Further, we invoke a simple concept that has intuitive meaning across many disciplines — simulator. A simulator imitates another system by creating sample events, states or structures based on some computable rules we come up with — e.g. approximations to the laws of nature, your theory of human relationships, or the latest crazy mesh of deconvolutional networks. In the GAN pattern, we can say that G learns to simulate G*. GAN pattern is, then, a specific way to learn a simulator, in the form of its generator.

GAN variants (including the original GAN [2]) implement the GAN pattern in one or more ways. Often, the data from G* is static training data such as images, but it can be any distribution of random variables. Note that G is intended to mimic the data generating process G*, not to reproduce the exact same data that G* produces during training. We can then utilize the synthetic data samples from G directly, or use the internal representation of the network for unsupervised and semi-supervised learning. Now, importantly, GAN pattern alone does not do any inference from input variables. However, we will see how to extend G to take such input.
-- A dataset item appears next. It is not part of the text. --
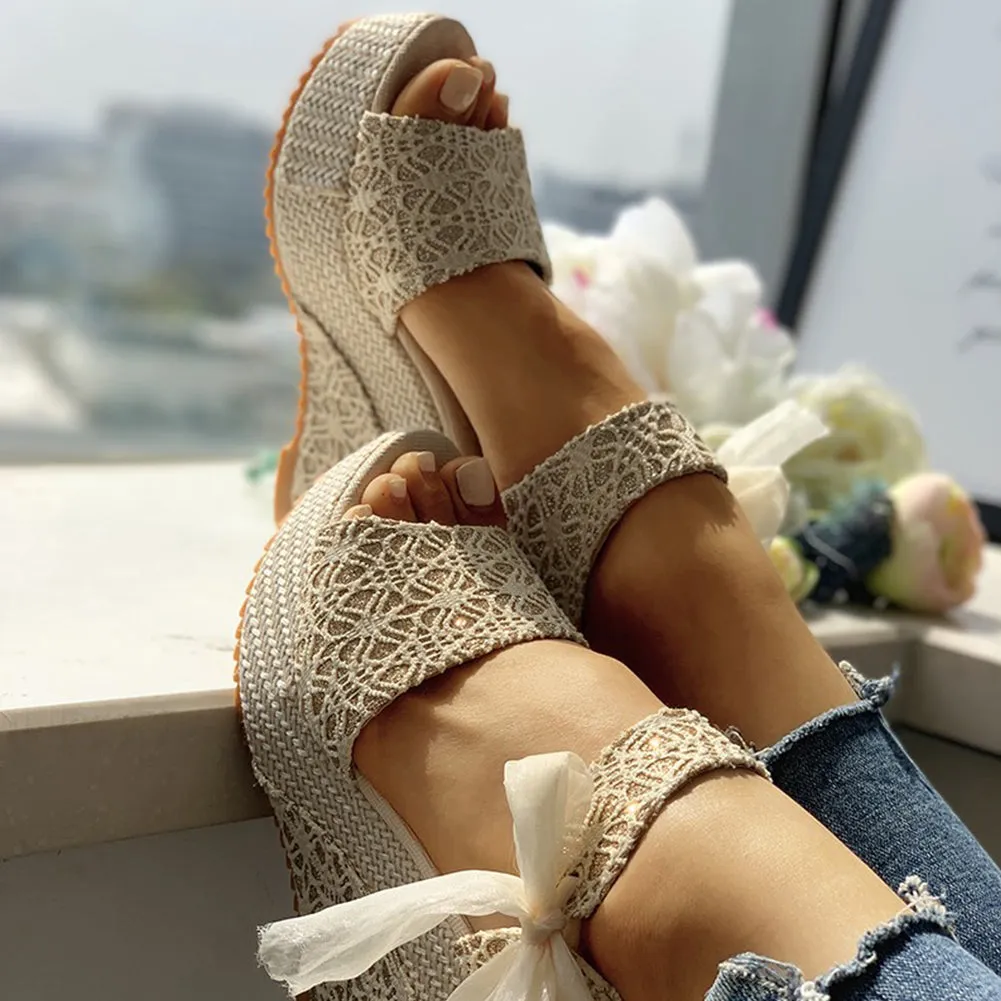 Lace Leisure Wedges Heeled Shoes Summer Sandals Party Platform High Heels Shoes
Major recent GAN applications include e.g. generating images with increasingly high resolution, image-to-image translation from one domain to another without labeled image pairs, image classification with only a small number of labeled samples [3], and transforming existing imagery e.g. by way of super-resolution [4] or by refining a synthetic “toy image” into a more realistic one [5]. There is an increasingly wide variation of applications that falls outside the scope of this article, as well as those intended for supervised or semi-supervised (class-conditioned) scenarios (e.g. StackGAN which in some respects has been state-of-the-art for image generation), domain adaptation models, and models with discrete variables. GANs are also connected to reinforcement learning (RL). In e.g. inverse RL, the learning task involves recovering the reward function itself, much like learning the discriminator in GAN.

Major recent theoretical development around GANs include the analysis of the GAN convergence problem ([6], [4]), generalizing GANs to the wider class of f-divergences [7], and connections to implicit models ([8], [9]). Other important theoretical work includes the analysis of evaluation methods ([10], [11]), extensions towards two-sample testing ([12], [13]), and making GANs amenable for likelihood analysis [14].

Major limitations of GANs have, until recently, been usually related to the stability of training and the lack of diversity of generated samples. Several improvements were introduced by [3], followed by e.g. various modifications to the loss function, supporting the training with an autoencoder, and adding noise to the distributions in particular ways. At present, perhaps the most pressing problem of GAN research is the lack of sufficient standard performance benchmarks. Even though GANs are customarily treated as probabilistic models, the likelihood of a sample under the learned model, in particular, appears to be unsuitable as a GAN metric. We will look at various alternatives.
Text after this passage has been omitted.